Child Nutrition (CN) Labels
Institute of Child Nutrition
February 21, 2023
Are you confused by child nutrition (CN) labels? Do you know when you need to get one? Which foods may have a CN label, or how to use them? You are not alone. CN labels can be intimidating but also highly useful. Our partners at the Institute of Child Nutrition (ICN) have some great resources to guide you through the basics of the CN label!
What are CN Labels?
CN labels tell us how a product contributes to the meal pattern. The manufacturer voluntarily submits their product to the USDA to get a CN label.
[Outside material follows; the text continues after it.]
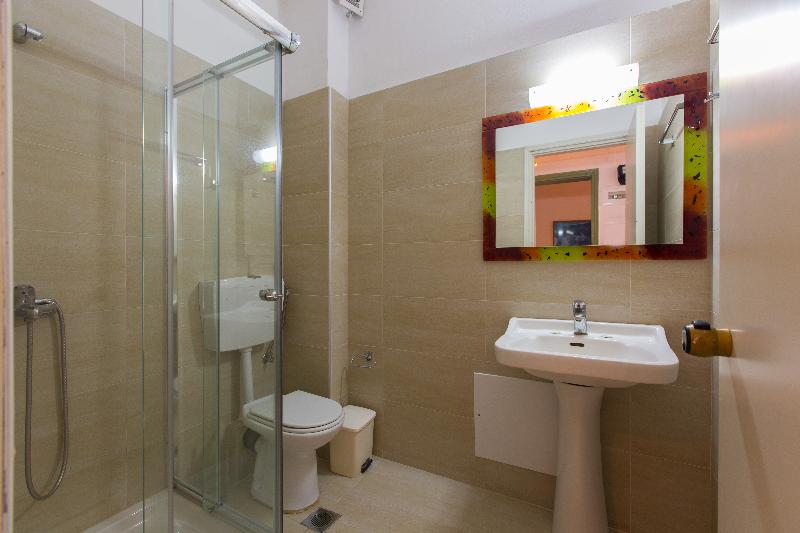 Economy Studio, Eltina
The CACFP provides a warranty against audit claims for those who purchase CN labeled products. As a CN label statement clearly identifies the contribution of a product toward the meal pattern requirements, it protects programs from exaggerated claims about a product. CN labeling makes menu writing easier and gives peace of mind during audits.
Which Foods Are Eligible for a CN Label?
CN labels are available only for main dish entrées that contribute to the meats/meat alternates component of the meal pattern. They may also indicate the contribution of the grain and vegetable meal components that are part of these products. Examples include beef patties, cheese or meat pizzas, chicken nuggets, corn dogs, fish sticks, meatballs, lasagna, etc.
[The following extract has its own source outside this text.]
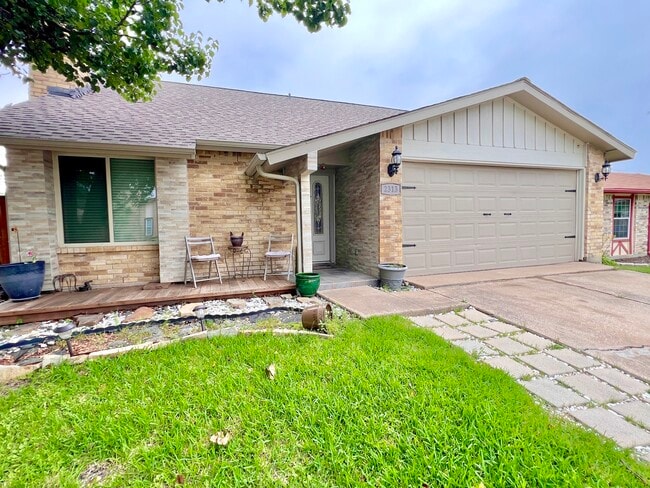2313 Placid Dr in Carrollton, TX - Foto de edificio - Building Photo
Where Do I Find CN Labels?
You will find CN labels on the product’s package and, most often, on foods purchased through a large food distributor. Items purchased in grocery stores generally do not include a CN label, and not all commercially prepared combination food items will have one.
How Do I Use a CN Label?
Compare information from the CN label to the CACFP Meal Pattern minimum requirements to know how much to serve each child. Refer to the graphic below that shows the number of fish sticks to serve to each child in each age group at lunch or supper based on the sample CN label.
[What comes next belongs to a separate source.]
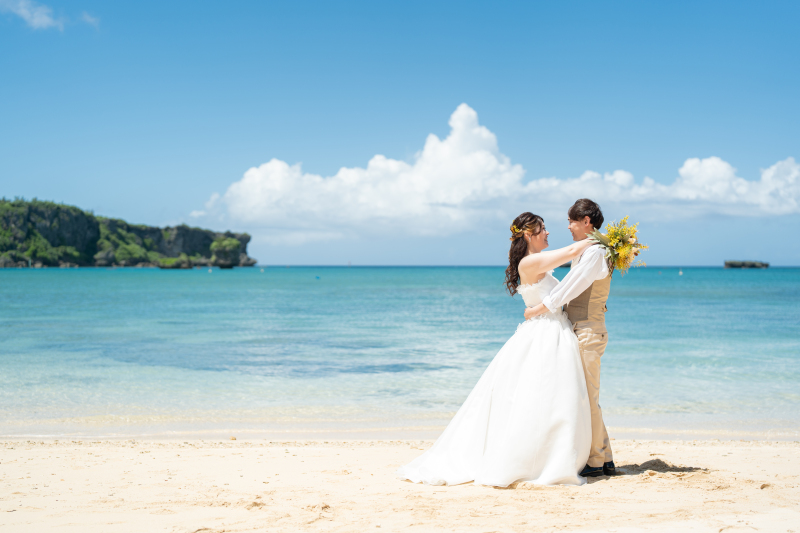 海をバックに・・・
Do I Have to Keep CN Labels on File?
CACFP facilities must be able to document the meal pattern contribution of commercially processed foods served at meals and snacks. A CN label must be on file for all processed meats/meat alternates and commercially prepared combination food items to credit them to the meal pattern. There are three options for keeping documentation of CN labeled foods. However, check with your State agency or sponsor to determine if there are other acceptable methods.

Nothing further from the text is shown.